Health insurance continues to be a hot-button issue in the United States — and for good reason. As both healthcare costs and insurance premiums increase, many Americans are understandably concerned about how they can possibly afford to protect themselves in the event of an illness or injury. With that in mind, it’s no wonder that 8.5% of U.S. residents — or 27.5 million people — had no health insurance at any point during 2018.
However, that doesn’t mean it’s wise to dismiss help from a health insurance company and go without insurance coverage. Having insurance coverage of some kind can provide a safety net that many Americans badly need. But if you can only afford a plan with a high deductible (and therefore a lower monthly premium), you might be concerned about how you could afford necessary treatment before you reach that deductible. That’s where the topic of today’s post will come in handy.
What is a Health Savings Account?
Health savings accounts, or HSAs, are basically personal savings accounts that can be used only to cover medical expenses. They’re meant to help cover patients who may be facing substantial out-of-pocket costs when dealing with an illness or injury. HSA contributions (the amounts of which can be chosen by the account holder at the beginning of each year) are tax-free and will roll over from one year to the next, making them an attractive solution for many Americans.
That said, not everyone is able to open an HSA. You need to be enrolled in a high-deductible health insurance plan in order to qualify for an HSA. Keep in mind that some plans with higher deductibles still won’t count; you need to enroll in a plan that’s designated as being HSA-eligible by the government in order to qualify. These plans may not be the best option for those who anticipate having more significant healthcare expenses, as policies with higher premiums may cover a greater percentage of healthcare costs.

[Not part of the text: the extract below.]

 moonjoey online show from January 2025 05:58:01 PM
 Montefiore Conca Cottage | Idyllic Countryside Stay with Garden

Are HSAs Necessary If You Have Health Insurance?
You might assume that if you already work with a health insurance agent Florida residents rely on to secure coverage, you won’t need an HSA. But if your policy has a four-figure deductible, you may not have as much financial help as you’d think. While the occasional doctor’s appointment might be doable, an emergency room visit or unexpected surgery could represent a major burden.
If you’re able to establish an employer-sponsored HSA and can automatically make contributions from each paycheck, you’ll be able to automatically generate funding for medical bills that will help you until your plan’s deductible is met. This can make all the difference in the event of a health crisis, particularly because you’ll have control over how much you contribute to your HSA and can avoid paying more for monthly premiums you might never have to use.
How Are HSAs Used?
HSA contributions can be used only in specific ways. For example, you can’t use these funds to pay for insurance premiums (in most cases), cosmetic surgeries, or personal care items. However, you can use this fund to pay for dental or vision care costs, as well as for the diagnosis, treatment, or prevention of disease and injury. You’ll want to talk with healthcare insurance companies in Florida to determine precisely how these funds can be utilized and whether you’ll incur any kind of penalty for use (which may occur if the patient is under 65). However, HSA contributions can be used for the policyholder, their spouse, and any dependents they may have.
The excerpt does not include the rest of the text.